Users' questions

Who treats PVCs?

Who treats PVCs?

For most people, PVCs occur infrequently and are benign. You should consult a heart specialist if you experience frequent, regular or prolonged (duration of several minutes) PVCs, or are experiencing PVCs and have a structural heart problem or heart disease or have had a heart attack.

Can you live with ventricular tachycardia?

Ventricular tachycardia (VT) is a fast, abnormal heart rhythm. This may last for only a few seconds or for a longer period of time. VT that lasts for only a few seconds may not need to be treated. Longer episodes of VT may be dangerous and require treatment and prevention.

Should you see an electrophysiologist for PVCs?

The normal person has about 100,000 heartbeats per day (athletes a few fewer). Patients with more than 20,000 PVCs per day are at risk for developing cardiomyopathy (weak heart). These patients should be referred to an electrophysiologist.

Can v-tach go away?

Ventricular tachycardia may go away on its own within 30 seconds (nonsustained V-tach ) or last more than 30 seconds (sustained V-tach or VT ). Sustained VT can disrupt normal blood flow and requires immediate medical treatment.

What do you need to know about ventriculomegaly?

Ventriculomegaly is a condition that affects the fluid-filled spaces in the brain. In this handout, you will learn about ventriculomegaly.
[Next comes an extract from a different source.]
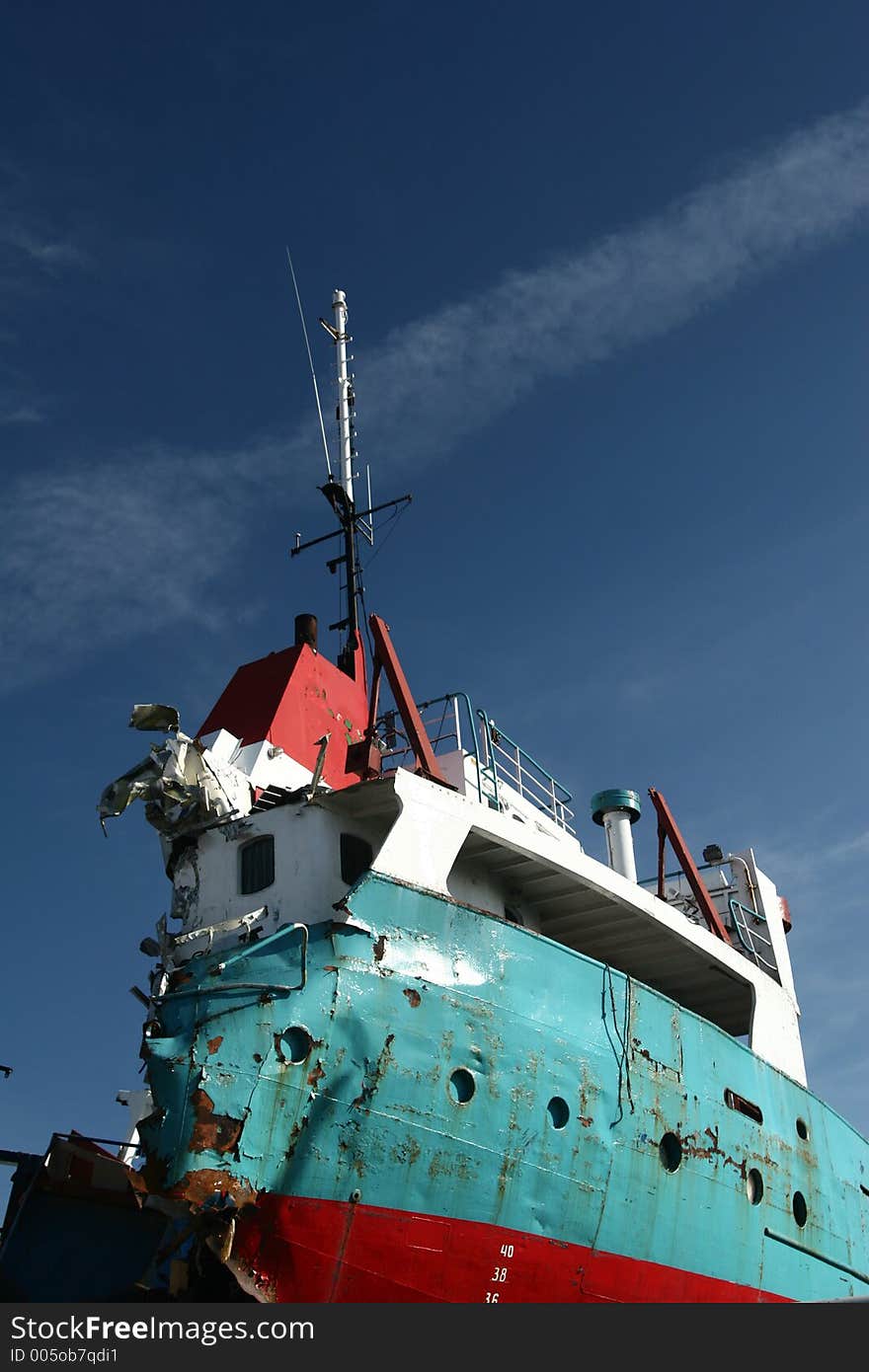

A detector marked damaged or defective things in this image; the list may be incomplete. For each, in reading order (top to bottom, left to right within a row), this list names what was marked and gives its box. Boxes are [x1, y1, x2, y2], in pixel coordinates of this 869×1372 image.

rust [190, 1098, 245, 1161]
What is Ventriculomegaly?

What should you do if you have left ventricular hypertrophy?

Your doctor is likely to recommend heart-healthy lifestyle changes, including: Blood pressure medication might also help prevent further enlargement of the left ventricle and even shrink your hypertrophic muscles. Your doctor might recommend medications including: Angiotensin-converting enzyme (ACE) inhibitors.

What causes the left ventricle to work harder than the right?

The narrowing of the aortic valve requires the left ventricle to work harder to pump blood into the aorta. Hypertrophic cardiomyopathy. This genetic disease occurs when the heart muscle becomes abnormally thick, even with completely normal blood pressure, making it harder for the heart to pump blood.

Where can I find a specialist for my Disease?

Treatment centers often have healthcare professionals of various specialties who work together. The resources listed below may help you locate a treatment center for your condition. Disease advocacy organizations often establish Centers of Excellence for their condition (s).